THE TASK
Given the records below, set each one down again exactly as it reads.

Data entries
──────────────────────────────

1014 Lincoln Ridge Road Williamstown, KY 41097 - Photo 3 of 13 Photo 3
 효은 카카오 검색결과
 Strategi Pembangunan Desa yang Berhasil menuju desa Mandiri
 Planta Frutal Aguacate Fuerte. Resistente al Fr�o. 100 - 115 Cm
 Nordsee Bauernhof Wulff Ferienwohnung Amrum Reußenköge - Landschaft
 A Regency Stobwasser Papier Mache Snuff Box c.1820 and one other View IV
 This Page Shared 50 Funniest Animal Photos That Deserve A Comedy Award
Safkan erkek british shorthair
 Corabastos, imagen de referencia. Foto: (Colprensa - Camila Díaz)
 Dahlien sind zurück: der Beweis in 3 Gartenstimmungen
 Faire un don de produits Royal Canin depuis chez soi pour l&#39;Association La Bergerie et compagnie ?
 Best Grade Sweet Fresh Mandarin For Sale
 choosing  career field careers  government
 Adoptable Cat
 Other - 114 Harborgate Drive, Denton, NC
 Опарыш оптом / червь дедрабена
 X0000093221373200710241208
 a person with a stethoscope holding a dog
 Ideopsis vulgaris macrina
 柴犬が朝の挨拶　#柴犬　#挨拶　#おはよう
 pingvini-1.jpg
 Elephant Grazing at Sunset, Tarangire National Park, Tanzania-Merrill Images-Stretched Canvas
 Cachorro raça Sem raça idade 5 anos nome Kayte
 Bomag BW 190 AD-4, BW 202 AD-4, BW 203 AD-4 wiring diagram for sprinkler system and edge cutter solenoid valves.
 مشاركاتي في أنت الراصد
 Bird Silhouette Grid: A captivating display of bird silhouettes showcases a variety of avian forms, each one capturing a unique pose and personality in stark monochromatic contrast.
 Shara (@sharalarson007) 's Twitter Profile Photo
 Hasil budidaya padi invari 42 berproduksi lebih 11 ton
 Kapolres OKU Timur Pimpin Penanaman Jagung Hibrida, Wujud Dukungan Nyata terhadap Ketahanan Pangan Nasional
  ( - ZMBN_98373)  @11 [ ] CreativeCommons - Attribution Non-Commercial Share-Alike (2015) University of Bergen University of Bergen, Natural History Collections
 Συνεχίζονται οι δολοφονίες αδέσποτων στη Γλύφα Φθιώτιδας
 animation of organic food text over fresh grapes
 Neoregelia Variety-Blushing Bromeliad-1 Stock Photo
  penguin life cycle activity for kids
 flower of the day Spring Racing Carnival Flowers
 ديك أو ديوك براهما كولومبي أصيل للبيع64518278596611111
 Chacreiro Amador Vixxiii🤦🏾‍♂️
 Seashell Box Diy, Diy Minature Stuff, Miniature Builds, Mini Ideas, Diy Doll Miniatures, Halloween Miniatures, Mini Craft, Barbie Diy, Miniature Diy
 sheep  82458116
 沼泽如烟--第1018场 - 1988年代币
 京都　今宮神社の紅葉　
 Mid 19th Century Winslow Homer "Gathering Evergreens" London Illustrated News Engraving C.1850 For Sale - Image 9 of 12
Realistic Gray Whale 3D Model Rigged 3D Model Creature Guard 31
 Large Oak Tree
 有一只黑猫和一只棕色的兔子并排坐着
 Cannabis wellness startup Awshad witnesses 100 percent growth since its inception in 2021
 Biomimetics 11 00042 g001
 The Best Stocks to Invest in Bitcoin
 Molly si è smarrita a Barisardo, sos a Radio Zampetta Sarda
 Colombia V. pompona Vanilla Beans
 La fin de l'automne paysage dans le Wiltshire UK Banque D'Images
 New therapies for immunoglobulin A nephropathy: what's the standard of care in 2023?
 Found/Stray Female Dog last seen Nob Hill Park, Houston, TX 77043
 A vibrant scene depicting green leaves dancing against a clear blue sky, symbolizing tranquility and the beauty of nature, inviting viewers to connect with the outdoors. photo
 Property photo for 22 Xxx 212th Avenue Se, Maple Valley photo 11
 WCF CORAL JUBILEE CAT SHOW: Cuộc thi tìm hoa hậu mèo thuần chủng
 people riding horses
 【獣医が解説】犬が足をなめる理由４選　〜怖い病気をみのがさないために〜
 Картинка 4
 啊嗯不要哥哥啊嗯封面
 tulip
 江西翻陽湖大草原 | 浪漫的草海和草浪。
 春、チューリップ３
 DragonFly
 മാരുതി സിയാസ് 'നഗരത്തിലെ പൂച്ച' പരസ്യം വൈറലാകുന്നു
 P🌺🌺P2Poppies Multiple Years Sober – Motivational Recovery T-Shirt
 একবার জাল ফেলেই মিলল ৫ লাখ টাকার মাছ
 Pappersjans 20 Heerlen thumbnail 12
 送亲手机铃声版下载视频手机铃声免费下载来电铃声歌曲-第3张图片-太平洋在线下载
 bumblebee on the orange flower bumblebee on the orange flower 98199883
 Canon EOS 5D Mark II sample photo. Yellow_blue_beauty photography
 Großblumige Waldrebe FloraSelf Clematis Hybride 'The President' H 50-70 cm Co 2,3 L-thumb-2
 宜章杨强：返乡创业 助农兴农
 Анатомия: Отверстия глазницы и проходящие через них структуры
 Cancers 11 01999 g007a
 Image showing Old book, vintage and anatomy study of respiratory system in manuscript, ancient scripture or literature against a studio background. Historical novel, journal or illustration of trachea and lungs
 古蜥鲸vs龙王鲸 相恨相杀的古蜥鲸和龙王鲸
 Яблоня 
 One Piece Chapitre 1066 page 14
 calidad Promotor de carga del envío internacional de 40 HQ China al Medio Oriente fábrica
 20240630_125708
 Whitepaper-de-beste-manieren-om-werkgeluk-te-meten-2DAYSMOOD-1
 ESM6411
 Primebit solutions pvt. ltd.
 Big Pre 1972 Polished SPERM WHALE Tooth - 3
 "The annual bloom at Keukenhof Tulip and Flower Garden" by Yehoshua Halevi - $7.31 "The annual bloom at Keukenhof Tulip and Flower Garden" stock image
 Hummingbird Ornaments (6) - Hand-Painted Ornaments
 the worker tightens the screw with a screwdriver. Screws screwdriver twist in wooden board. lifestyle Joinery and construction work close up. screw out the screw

──────────────────────────────

EXERCISE SOLUTION
1014 Lincoln Ridge Road Williamstown, KY 41097 - Photo 3 of 13 Photo 3
 효은 카카오 검색결과
 Strategi Pembangunan Desa yang Berhasil menuju desa Mandiri
 Planta Frutal Aguacate Fuerte. Resistente al Fr�o. 100 - 115 Cm
 Nordsee Bauernhof Wulff Ferienwohnung Amrum Reußenköge - Landschaft
 A Regency Stobwasser Papier Mache Snuff Box c.1820 and one other View IV
 This Page Shared 50 Funniest Animal Photos That Deserve A Comedy Award
Safkan erkek british shorthair
 Corabastos, imagen de referencia. Foto: (Colprensa - Camila Díaz)
 Dahlien sind zurück: der Beweis in 3 Gartenstimmungen
 Faire un don de produits Royal Canin depuis chez soi pour l&#39;Association La Bergerie et compagnie ?
 Best Grade Sweet Fresh Mandarin For Sale
 choosing  career field careers  government
 Adoptable Cat
 Other - 114 Harborgate Drive, Denton, NC
 Опарыш оптом / червь дедрабена
 X0000093221373200710241208
 a person with a stethoscope holding a dog
 Ideopsis vulgaris macrina
 柴犬が朝の挨拶　#柴犬　#挨拶　#おはよう
 pingvini-1.jpg
 Elephant Grazing at Sunset, Tarangire National Park, Tanzania-Merrill Images-Stretched Canvas
 Cachorro raça Sem raça idade 5 anos nome Kayte
 Bomag BW 190 AD-4, BW 202 AD-4, BW 203 AD-4 wiring diagram for sprinkler system and edge cutter solenoid valves.
 مشاركاتي في أنت الراصد
 Bird Silhouette Grid: A captivating display of bird silhouettes showcases a variety of avian forms, each one capturing a unique pose and personality in stark monochromatic contrast.
 Shara (@sharalarson007) 's Twitter Profile Photo
 Hasil budidaya padi invari 42 berproduksi lebih 11 ton
 Kapolres OKU Timur Pimpin Penanaman Jagung Hibrida, Wujud Dukungan Nyata terhadap Ketahanan Pangan Nasional
  ( - ZMBN_98373)  @11 [ ] CreativeCommons - Attribution Non-Commercial Share-Alike (2015) University of Bergen University of Bergen, Natural History Collections
 Συνεχίζονται οι δολοφονίες αδέσποτων στη Γλύφα Φθιώτιδας
 animation of organic food text over fresh grapes
 Neoregelia Variety-Blushing Bromeliad-1 Stock Photo
  penguin life cycle activity for kids
 flower of the day Spring Racing Carnival Flowers
 ديك أو ديوك براهما كولومبي أصيل للبيع64518278596611111
 Chacreiro Amador Vixxiii🤦🏾‍♂️
 Seashell Box Diy, Diy Minature Stuff, Miniature Builds, Mini Ideas, Diy Doll Miniatures, Halloween Miniatures, Mini Craft, Barbie Diy, Miniature Diy
 sheep  82458116
 沼泽如烟--第1018场 - 1988年代币
 京都　今宮神社の紅葉　
 Mid 19th Century Winslow Homer "Gathering Evergreens" London Illustrated News Engraving C.1850 For Sale - Image 9 of 12
Realistic Gray Whale 3D Model Rigged 3D Model Creature Guard 31
 Large Oak Tree
 有一只黑猫和一只棕色的兔子并排坐着
 Cannabis wellness startup Awshad witnesses 100 percent growth since its inception in 2021
 Biomimetics 11 00042 g001
 The Best Stocks to Invest in Bitcoin
 Molly si è smarrita a Barisardo, sos a Radio Zampetta Sarda
 Colombia V. pompona Vanilla Beans
 La fin de l'automne paysage dans le Wiltshire UK Banque D'Images
 New therapies for immunoglobulin A nephropathy: what's the standard of care in 2023?
 Found/Stray Female Dog last seen Nob Hill Park, Houston, TX 77043
 A vibrant scene depicting green leaves dancing against a clear blue sky, symbolizing tranquility and the beauty of nature, inviting viewers to connect with the outdoors. photo
 Property photo for 22 Xxx 212th Avenue Se, Maple Valley photo 11
 WCF CORAL JUBILEE CAT SHOW: Cuộc thi tìm hoa hậu mèo thuần chủng
 people riding horses
 【獣医が解説】犬が足をなめる理由４選　〜怖い病気をみのがさないために〜
 Картинка 4
 啊嗯不要哥哥啊嗯封面
 tulip
 江西翻陽湖大草原 | 浪漫的草海和草浪。
 春、チューリップ３
 DragonFly
 മാരുതി സിയാസ് 'നഗരത്തിലെ പൂച്ച' പരസ്യം വൈറലാകുന്നു
 P🌺🌺P2Poppies Multiple Years Sober – Motivational Recovery T-Shirt
 একবার জাল ফেলেই মিলল ৫ লাখ টাকার মাছ
 Pappersjans 20 Heerlen thumbnail 12
 送亲手机铃声版下载视频手机铃声免费下载来电铃声歌曲-第3张图片-太平洋在线下载
 bumblebee on the orange flower bumblebee on the orange flower 98199883
 Canon EOS 5D Mark II sample photo. Yellow_blue_beauty photography
 Großblumige Waldrebe FloraSelf Clematis Hybride 'The President' H 50-70 cm Co 2,3 L-thumb-2
 宜章杨强：返乡创业 助农兴农
 Анатомия: Отверстия глазницы и проходящие через них структуры
 Cancers 11 01999 g007a
 Image showing Old book, vintage and anatomy study of respiratory system in manuscript, ancient scripture or literature against a studio background. Historical novel, journal or illustration of trachea and lungs
 古蜥鲸vs龙王鲸 相恨相杀的古蜥鲸和龙王鲸
 Яблоня 
 One Piece Chapitre 1066 page 14
 calidad Promotor de carga del envío internacional de 40 HQ China al Medio Oriente fábrica
 20240630_125708
 Whitepaper-de-beste-manieren-om-werkgeluk-te-meten-2DAYSMOOD-1
 ESM6411
 Primebit solutions pvt. ltd.
 Big Pre 1972 Polished SPERM WHALE Tooth - 3
 "The annual bloom at Keukenhof Tulip and Flower Garden" by Yehoshua Halevi - $7.31 "The annual bloom at Keukenhof Tulip and Flower Garden" stock image
 Hummingbird Ornaments (6) - Hand-Painted Ornaments
 the worker tightens the screw with a screwdriver. Screws screwdriver twist in wooden board. lifestyle Joinery and construction work close up. screw out the screw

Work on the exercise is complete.